From the first line to the last, copy the data exactly and drop the pictures.

** Opening Data shown block **

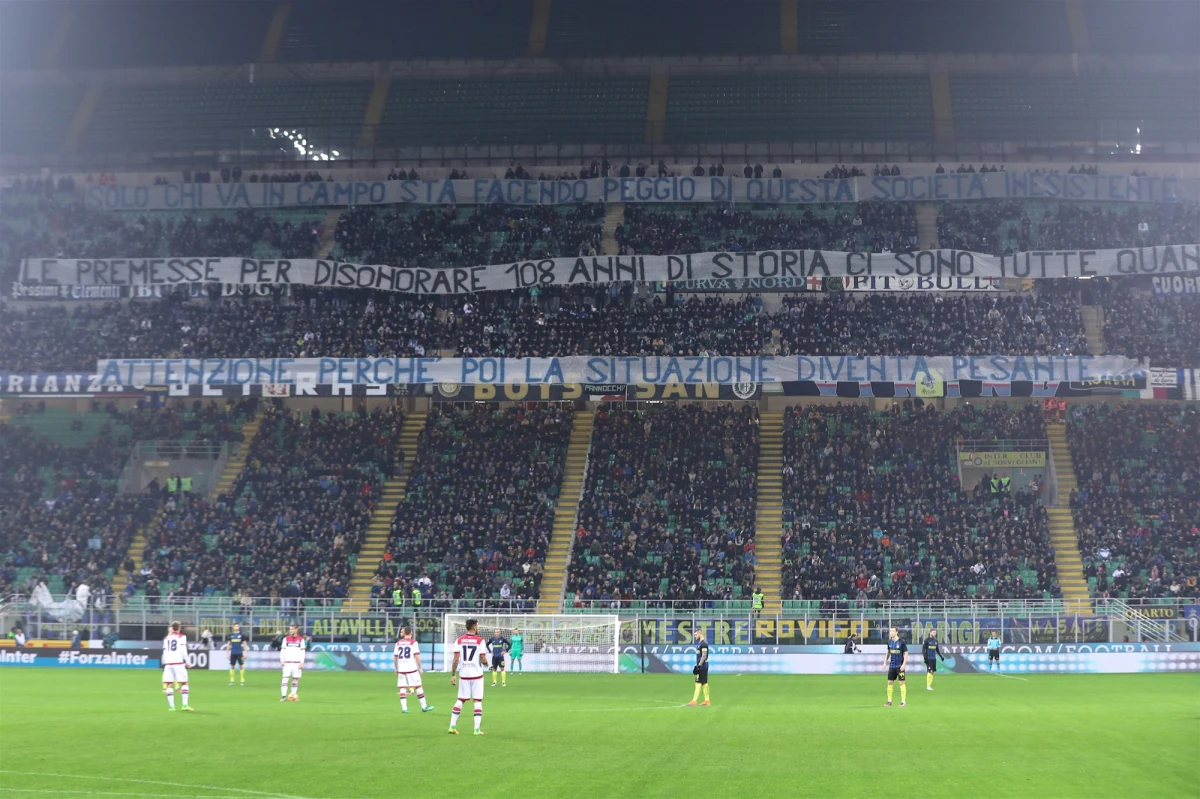 Sąd w Catanzaro wydał bezprecedensową decyzję o objęciu rocznym nadzorem sądowym klubu piłkarskiego FC Crotone. Powodem jest przeniknięcie do struktur klubu jednej z najpotężniejszych organizacji przestępczych na świecie – kalabryjskiej mafii 'ndranghety. 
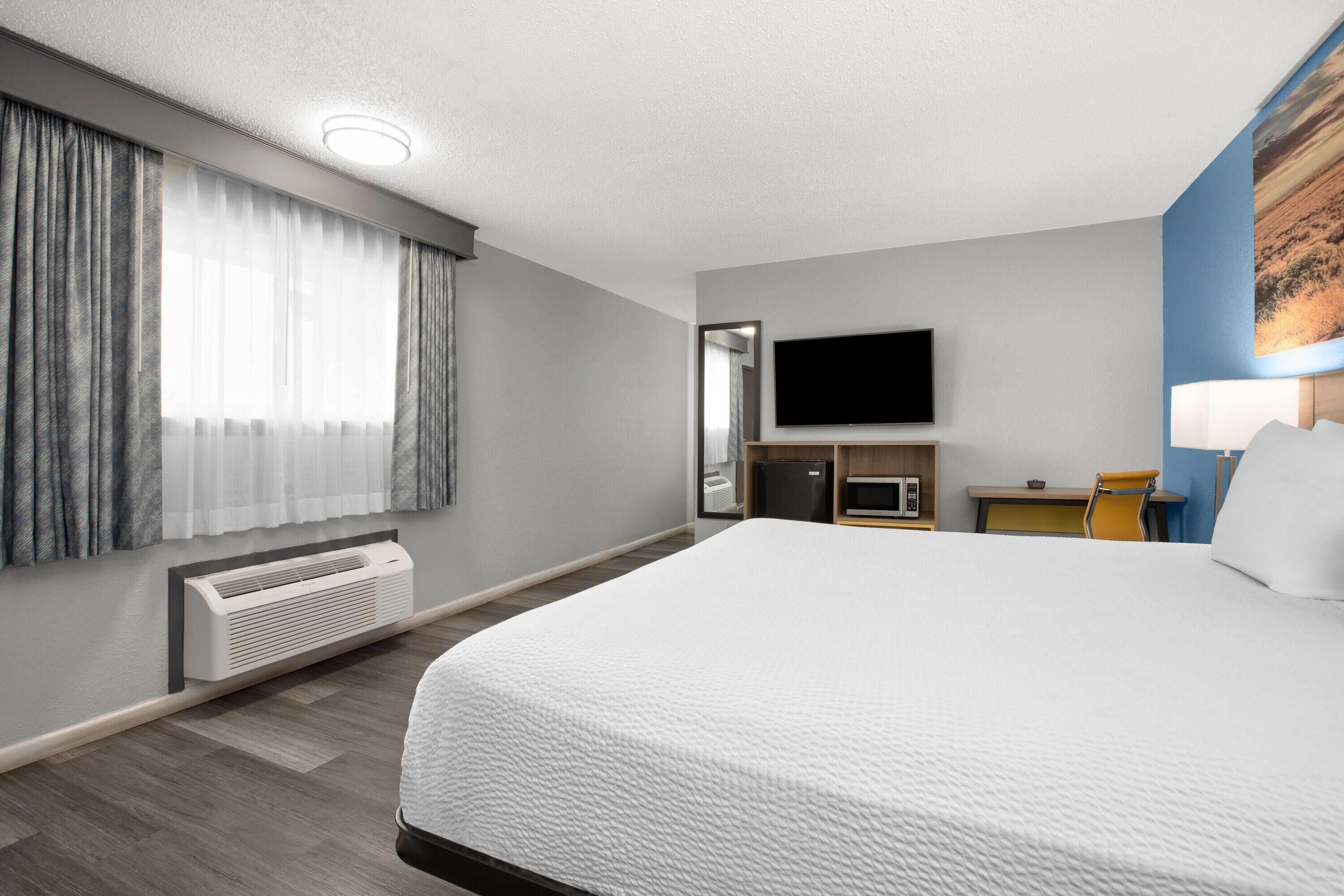 Zimmer, 1 King-Bett, Nichtraucher | Hochwertige Bettwaren, Zimmersafe, Schreibtisch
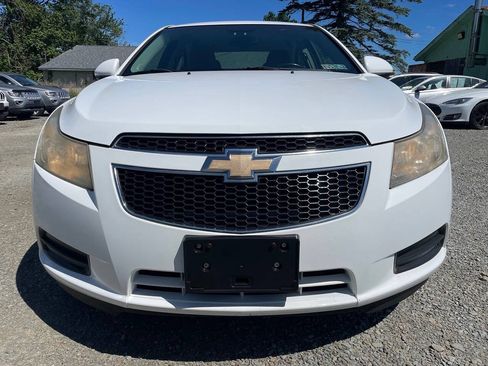 Used 2012 Chevrolet Cruze LT FWD image 3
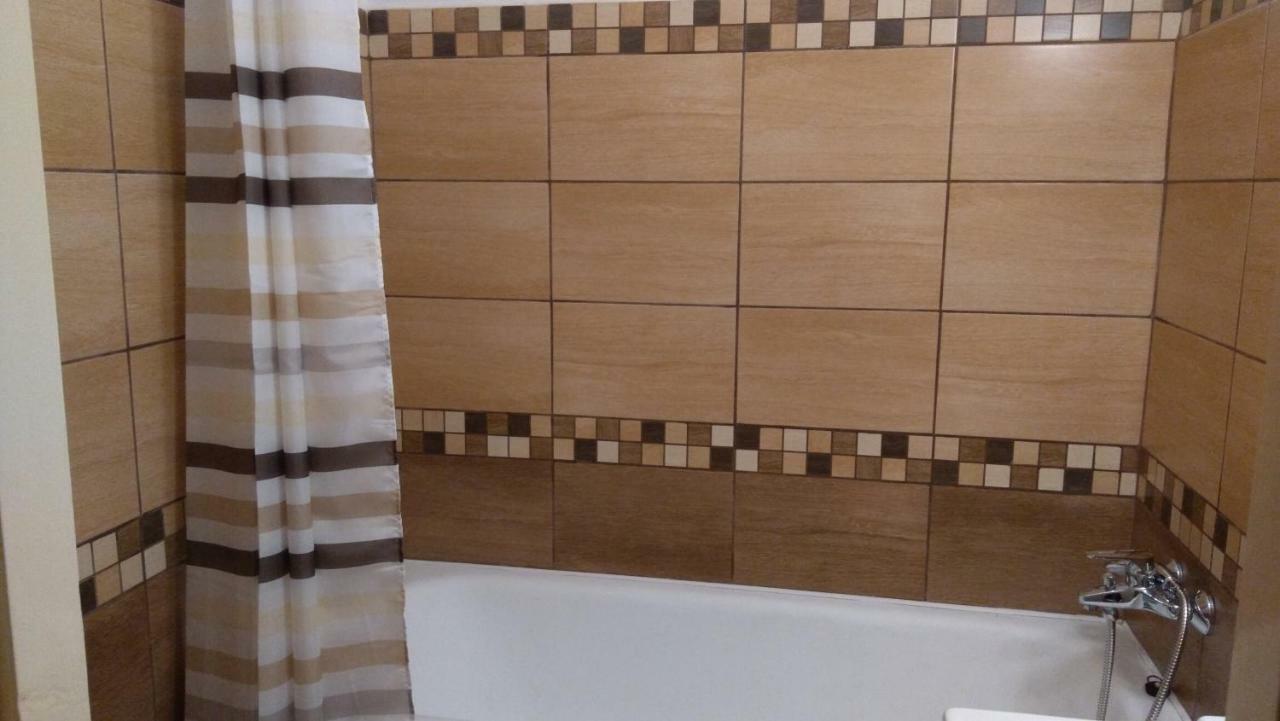 Gesztenyes Apartman Mişcolţ Exterior foto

** Closing Data shown block **

• [Written solution]:
 Sąd w Catanzaro wydał bezprecedensową decyzję o objęciu rocznym nadzorem sądowym klubu piłkarskiego FC Crotone. Powodem jest przeniknięcie do struktur klubu jednej z najpotężniejszych organizacji przestępczych na świecie – kalabryjskiej mafii 'ndranghety. 
 Zimmer, 1 King-Bett, Nichtraucher | Hochwertige Bettwaren, Zimmersafe, Schreibtisch
 Used 2012 Chevrolet Cruze LT FWD image 3
 Gesztenyes Apartman Mişcolţ Exterior foto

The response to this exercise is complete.